- Genre: Telenovela Comedy
- Created by: Adrián Suar
- Written by: Adrián Suar
- Directed by: Jorge Nisco, Rodolfo Antúnez
- Starring: Osvaldo Laport; María Valenzuela; Mariano Martínez; Soledad Fandiño; Felipe Colombo; Vanesa Gonzáles; Eleonora Wexler; Camila Bordonaba;
- Opening theme: "Son de Fierro" (Alejandro Lerner)
- Country of origin: Argentina
- Original language: Spanish
- No. of episodes: 251

Production
- Producer: Pol-Ka
- Cinematography: various

Original release
- Network: Canal 13
- Release: January 8, 2007 – February 6, 2008

Related
- Sos Mi Vida; Por Amor a Vos;

= Son de Fierro =

Argentine TV series

Son de Fierro (Made of Iron) is an Argentine television comedy, produced by Pol-Ka in 2007 and 2008. It was broadcast on Canal 13, becoming the most popular television series in Argentina in 2007 and 2008. The first episode was broadcast on January 8, 2007, and the last episode on February 6, 2008.

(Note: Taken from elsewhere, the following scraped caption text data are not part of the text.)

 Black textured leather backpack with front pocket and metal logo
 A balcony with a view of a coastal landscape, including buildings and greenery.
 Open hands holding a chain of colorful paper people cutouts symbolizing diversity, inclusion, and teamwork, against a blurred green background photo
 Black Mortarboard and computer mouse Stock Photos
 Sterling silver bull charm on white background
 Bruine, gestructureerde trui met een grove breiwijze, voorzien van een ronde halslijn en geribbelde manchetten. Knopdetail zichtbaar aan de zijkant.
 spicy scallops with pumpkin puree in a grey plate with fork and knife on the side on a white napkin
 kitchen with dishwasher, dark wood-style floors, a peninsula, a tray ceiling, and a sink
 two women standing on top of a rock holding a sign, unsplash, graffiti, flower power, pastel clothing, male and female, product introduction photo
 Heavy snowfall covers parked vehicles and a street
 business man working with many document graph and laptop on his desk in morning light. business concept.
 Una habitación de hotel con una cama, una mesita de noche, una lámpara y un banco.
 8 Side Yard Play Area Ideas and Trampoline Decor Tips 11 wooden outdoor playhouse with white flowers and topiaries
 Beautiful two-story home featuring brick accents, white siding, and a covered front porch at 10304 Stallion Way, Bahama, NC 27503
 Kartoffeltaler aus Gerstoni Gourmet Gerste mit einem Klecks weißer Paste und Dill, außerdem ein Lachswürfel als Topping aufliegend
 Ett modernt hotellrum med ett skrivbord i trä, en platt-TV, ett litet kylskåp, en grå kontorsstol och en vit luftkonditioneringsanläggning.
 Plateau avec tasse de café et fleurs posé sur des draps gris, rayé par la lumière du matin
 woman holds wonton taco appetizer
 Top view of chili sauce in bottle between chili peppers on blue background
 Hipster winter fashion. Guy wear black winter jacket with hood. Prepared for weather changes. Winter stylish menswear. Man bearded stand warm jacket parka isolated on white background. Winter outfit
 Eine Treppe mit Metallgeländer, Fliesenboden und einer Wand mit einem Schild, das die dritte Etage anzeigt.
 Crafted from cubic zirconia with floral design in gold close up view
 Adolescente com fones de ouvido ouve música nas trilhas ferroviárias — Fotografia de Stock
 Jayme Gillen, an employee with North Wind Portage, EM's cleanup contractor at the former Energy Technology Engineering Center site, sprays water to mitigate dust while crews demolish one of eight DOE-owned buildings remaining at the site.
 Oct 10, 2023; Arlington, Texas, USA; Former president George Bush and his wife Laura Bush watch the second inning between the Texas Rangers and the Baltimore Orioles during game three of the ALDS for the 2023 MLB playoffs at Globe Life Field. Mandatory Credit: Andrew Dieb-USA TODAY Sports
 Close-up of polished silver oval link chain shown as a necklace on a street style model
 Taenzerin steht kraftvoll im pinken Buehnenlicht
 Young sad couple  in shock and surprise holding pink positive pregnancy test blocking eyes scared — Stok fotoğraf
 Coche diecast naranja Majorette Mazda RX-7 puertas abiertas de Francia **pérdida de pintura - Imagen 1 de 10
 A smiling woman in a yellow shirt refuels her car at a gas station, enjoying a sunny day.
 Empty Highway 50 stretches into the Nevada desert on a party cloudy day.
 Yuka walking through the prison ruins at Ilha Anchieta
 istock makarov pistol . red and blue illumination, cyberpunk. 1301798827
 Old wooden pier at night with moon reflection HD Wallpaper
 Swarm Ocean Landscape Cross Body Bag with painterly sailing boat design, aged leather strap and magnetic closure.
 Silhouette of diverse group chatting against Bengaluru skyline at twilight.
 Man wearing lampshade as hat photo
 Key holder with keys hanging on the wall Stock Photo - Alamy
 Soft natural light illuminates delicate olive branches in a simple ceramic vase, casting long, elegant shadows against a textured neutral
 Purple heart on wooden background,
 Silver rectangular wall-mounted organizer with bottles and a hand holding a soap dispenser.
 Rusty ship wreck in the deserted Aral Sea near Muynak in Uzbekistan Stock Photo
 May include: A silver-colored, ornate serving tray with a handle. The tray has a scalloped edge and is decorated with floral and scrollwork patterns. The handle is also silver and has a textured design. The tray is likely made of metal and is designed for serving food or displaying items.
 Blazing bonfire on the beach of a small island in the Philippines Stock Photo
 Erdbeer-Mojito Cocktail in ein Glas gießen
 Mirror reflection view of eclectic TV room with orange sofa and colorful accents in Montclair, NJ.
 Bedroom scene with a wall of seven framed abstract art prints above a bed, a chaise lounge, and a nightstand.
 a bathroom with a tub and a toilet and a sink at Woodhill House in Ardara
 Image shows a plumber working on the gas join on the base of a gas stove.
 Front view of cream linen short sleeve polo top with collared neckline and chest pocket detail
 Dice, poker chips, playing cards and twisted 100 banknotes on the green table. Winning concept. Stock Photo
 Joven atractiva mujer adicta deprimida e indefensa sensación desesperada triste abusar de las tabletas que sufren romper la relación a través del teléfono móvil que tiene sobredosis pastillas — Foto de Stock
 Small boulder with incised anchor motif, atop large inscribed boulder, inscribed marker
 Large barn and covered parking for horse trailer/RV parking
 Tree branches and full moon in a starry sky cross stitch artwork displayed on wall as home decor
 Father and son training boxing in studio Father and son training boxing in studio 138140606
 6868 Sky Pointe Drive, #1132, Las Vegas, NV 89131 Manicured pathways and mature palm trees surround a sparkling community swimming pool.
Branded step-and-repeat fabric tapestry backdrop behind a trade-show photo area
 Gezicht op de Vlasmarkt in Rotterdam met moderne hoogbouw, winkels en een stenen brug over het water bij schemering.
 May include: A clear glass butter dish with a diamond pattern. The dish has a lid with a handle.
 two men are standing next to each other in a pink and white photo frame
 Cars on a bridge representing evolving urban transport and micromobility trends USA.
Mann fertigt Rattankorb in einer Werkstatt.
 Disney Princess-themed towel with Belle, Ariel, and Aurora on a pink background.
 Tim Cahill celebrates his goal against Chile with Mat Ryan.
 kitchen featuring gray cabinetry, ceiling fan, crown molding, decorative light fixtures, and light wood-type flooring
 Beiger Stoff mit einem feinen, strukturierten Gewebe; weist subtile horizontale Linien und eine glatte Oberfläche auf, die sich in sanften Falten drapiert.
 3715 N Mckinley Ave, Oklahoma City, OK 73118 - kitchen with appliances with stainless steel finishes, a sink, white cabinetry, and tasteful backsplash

Main roles in Son de Fierro were portrayed by Osvaldo Laport, María Valenzuela, Mariano Martínez, Soledad Fandiño, Vanesa Gonzáles, Eleonora Wexler and Camila Bordonaba. Son de Fierro had 251 episodes. Son de Fierro follows the life of the Fierro family, of their members and their friends. The character played by Laport was called "Martín Fierro", but neither the program or the character were an adaptation or a free reference to the famed poem Martín Fierro by José Hernández.

During this show, Felipe Colombo, Camila Bordonaba and Vanesa Gonzáles formed the band, but it didn't "survive" the show. Bordonaba and Colombo had musical contract with Cris Morena (the band Erreway).

This comedy was nominated for the Martín Fierro Awards for the best comedy.

==Cast==
===The Fierro family===
- Osvaldo Laport as Martín Fierro
- María Valenzuela as Lucía Fierro
- Mariano Martínez as Juan Martín Fierro
- Soledad Fandiño as Sandra Fierro
- Felipe Colombo as Lucho Fierro
- Fabio Posca as Ezequiel
- Freddy Villarreal as Ángel Fierro
- Dora Baret as Mimicha
- Juan Carlos Dual as Don Martín
- Isabel Macedo as Sissi

===Others===
- Camila Bordonaba as Karina Andurregui
- Eleonora Wexler as Rita
- Mario Pasik as José María Fontana
- Vanesa Gonzáles as Morena Fontana
- Facundo Espinosa as Amadeo Andurregui
- José Luis Mazza as Remo Ortelli
- Manuela Pal as Luli

==Awards and nominations==
- Son de Fierro was nominated for Clarín Award for the best drama script.
- Martín Fierro Award nomination for the best comedy in 2008.